Review of The Last Time We Spoke by Fiona Sussman (2016, Allen & Busby)

It was meant to be an evening celebrating her wedding anniversary to her husband, Kevin, attended by her grown son, Jack. Instead, Carla Reid comes round the following morning having been raped and beaten to find her husband in a coma and her son dead. The two young gang members who committed the crime are caught shortly afterwards and sent to prison. As Ben Toroa begins life behind bars, Carla is left to come to terms with losing her son and farm, and caring for her brain-damaged husband. She needs answers from Ben, but he’s reluctant to engage, wary of motives, and focused on surviving inside prison. As the years pass, their lives remain entwined, neither able to move much past the outcome of that fateful night.
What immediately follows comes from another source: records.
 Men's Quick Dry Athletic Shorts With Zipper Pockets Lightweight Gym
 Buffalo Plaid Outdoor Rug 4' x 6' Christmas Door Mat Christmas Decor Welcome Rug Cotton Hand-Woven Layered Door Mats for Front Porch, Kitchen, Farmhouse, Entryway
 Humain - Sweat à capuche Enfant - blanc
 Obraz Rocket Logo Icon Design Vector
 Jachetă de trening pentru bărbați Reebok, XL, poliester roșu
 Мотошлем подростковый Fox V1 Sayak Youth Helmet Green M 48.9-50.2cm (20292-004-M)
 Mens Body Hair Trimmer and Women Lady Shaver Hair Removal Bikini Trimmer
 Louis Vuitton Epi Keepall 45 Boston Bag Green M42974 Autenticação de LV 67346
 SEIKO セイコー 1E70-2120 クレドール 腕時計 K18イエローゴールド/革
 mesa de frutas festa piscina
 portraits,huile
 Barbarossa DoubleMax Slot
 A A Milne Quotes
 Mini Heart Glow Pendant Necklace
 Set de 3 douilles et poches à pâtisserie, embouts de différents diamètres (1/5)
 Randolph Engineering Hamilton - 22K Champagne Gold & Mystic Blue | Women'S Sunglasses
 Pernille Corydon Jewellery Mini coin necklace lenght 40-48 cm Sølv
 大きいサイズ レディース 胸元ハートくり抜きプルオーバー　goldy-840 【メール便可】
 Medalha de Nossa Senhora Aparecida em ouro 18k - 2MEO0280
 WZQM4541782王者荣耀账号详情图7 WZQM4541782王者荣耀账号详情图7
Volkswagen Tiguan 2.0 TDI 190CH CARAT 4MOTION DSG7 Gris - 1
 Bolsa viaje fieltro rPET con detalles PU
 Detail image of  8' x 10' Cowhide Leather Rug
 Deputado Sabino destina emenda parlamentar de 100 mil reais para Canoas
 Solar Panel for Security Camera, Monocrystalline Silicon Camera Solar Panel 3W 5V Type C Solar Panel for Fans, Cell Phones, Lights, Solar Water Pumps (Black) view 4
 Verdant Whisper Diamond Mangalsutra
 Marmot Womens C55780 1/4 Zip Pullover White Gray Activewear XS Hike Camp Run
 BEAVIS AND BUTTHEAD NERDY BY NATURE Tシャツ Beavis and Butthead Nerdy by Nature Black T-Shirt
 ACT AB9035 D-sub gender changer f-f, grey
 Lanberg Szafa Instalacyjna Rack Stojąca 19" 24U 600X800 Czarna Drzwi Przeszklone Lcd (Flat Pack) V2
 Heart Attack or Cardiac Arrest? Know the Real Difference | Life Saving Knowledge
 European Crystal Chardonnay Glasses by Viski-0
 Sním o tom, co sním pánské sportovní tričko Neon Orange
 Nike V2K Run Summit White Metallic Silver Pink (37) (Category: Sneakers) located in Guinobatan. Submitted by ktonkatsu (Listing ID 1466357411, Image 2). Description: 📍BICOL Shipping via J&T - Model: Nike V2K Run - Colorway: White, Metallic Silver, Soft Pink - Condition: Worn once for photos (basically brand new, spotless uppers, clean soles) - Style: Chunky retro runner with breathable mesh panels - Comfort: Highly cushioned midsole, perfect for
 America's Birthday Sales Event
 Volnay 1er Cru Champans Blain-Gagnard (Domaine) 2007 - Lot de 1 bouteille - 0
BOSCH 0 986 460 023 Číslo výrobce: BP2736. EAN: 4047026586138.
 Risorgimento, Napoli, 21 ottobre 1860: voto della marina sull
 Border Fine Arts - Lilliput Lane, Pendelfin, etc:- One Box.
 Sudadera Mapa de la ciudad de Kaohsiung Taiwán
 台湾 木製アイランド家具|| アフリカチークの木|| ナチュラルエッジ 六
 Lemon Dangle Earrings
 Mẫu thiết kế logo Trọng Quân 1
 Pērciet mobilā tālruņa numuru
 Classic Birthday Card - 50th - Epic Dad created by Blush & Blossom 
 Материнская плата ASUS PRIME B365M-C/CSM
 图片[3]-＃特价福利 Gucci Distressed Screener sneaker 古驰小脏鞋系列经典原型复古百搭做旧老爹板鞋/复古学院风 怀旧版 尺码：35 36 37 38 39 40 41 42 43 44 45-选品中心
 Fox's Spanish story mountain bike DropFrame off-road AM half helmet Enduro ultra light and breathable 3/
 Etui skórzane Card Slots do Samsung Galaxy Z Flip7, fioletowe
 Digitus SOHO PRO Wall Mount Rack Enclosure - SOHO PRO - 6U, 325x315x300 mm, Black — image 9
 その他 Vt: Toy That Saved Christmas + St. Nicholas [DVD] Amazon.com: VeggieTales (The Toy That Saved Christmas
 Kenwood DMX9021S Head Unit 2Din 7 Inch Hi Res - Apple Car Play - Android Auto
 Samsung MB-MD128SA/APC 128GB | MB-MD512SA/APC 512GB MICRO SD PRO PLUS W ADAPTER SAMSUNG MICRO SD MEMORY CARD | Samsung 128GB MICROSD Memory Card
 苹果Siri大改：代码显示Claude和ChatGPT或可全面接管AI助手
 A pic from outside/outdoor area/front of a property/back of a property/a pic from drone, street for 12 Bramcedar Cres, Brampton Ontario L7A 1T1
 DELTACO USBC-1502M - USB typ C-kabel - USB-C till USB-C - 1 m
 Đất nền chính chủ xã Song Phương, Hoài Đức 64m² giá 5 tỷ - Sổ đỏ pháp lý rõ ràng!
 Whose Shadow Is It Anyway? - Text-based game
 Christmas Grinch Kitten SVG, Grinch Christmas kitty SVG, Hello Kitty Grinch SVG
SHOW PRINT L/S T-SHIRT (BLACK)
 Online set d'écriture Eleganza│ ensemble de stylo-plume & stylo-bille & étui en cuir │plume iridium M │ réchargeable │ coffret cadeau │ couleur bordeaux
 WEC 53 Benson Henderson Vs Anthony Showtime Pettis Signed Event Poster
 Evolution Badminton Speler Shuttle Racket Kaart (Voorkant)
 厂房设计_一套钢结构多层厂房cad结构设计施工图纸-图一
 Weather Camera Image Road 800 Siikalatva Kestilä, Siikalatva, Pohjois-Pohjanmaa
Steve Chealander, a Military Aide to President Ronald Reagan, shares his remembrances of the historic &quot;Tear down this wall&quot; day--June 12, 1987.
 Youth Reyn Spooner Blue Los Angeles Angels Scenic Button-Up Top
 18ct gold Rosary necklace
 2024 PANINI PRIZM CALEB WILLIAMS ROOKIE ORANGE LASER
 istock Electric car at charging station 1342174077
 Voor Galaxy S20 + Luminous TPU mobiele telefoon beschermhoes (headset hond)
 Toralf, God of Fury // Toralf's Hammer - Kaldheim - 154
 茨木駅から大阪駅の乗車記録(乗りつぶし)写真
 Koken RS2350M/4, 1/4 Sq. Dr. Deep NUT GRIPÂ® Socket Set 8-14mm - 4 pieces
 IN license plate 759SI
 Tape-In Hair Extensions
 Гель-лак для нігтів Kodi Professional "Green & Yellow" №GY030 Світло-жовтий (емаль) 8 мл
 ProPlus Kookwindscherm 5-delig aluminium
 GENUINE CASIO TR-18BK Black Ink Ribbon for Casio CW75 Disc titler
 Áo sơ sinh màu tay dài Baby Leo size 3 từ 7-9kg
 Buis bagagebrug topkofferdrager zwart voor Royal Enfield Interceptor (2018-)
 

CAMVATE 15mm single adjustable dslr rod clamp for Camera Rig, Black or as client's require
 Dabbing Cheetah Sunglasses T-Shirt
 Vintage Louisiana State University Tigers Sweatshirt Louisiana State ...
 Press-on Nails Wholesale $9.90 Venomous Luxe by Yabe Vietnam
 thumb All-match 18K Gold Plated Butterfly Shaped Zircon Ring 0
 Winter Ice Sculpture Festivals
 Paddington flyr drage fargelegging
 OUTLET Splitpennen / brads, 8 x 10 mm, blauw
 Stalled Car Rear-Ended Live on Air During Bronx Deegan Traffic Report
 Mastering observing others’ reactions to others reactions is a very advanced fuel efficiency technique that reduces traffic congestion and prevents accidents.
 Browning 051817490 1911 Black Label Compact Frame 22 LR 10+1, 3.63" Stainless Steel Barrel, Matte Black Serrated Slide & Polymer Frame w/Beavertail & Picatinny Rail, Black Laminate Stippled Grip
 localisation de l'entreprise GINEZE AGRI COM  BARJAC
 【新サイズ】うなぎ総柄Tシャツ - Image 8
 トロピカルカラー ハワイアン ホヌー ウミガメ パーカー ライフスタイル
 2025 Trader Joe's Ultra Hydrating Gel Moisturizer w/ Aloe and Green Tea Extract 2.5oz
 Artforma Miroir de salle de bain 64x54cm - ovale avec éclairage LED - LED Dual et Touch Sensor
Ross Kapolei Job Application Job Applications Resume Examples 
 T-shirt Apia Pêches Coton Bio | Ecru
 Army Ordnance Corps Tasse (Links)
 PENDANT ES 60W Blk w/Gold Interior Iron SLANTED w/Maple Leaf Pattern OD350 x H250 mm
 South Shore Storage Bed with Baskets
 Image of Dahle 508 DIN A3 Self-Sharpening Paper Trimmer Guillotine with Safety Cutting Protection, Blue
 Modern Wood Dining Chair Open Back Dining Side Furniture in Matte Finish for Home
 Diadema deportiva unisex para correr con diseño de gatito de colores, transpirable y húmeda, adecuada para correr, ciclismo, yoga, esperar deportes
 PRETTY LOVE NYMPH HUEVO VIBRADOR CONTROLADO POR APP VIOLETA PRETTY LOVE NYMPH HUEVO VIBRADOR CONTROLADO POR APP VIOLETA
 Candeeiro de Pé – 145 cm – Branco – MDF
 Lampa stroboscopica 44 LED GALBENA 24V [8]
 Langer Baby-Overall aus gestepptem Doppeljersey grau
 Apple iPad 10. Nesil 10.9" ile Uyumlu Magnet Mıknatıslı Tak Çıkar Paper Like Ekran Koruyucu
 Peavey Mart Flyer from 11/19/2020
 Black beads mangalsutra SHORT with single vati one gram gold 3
Set in New Zealand, Fiona Sussman’s The Last Time We Spoke explores the aftermath of a crime on both the victim and perpetrator. Former teacher, Carla Reid, has been beaten and raped, her husband left a shadow of his former self, and her son murdered. She has to sell their farm to pay for her husband’s care. Ben Toroa, one of the two perpetrators, is a Mauri teenager from a broken home, his mother a mess and her boyfriend a violent thug; his membership of a street gang providing friendship and an outlet for his frustrations. He’s sent to maximum security prison where he struggles to survive unscathed. Sussman plots the years following that night and the tentative relationship between Carla and Ben as each struggles to come to terms with life’s hardships and transform themselves in the aftermath of grief and regret. There’s also a kind of postcolonial line running throughout that tries to set Ben’s Mauri heritage in the context of colonialism that gave the story a bit of a literary twist. The plotting and character development is nicely executed, though the narrative felt a little bit shallow at times, describing events rather than diving deep into thoughts and emotions, and the second criminal disappears entirely from view. And the end just sort of petered out. Nonetheless, it’s an engaging and thoughtful read.


Wednesday, April 10, 2019

Review of Overkill by Vanda Symon (2007, Orenda Books)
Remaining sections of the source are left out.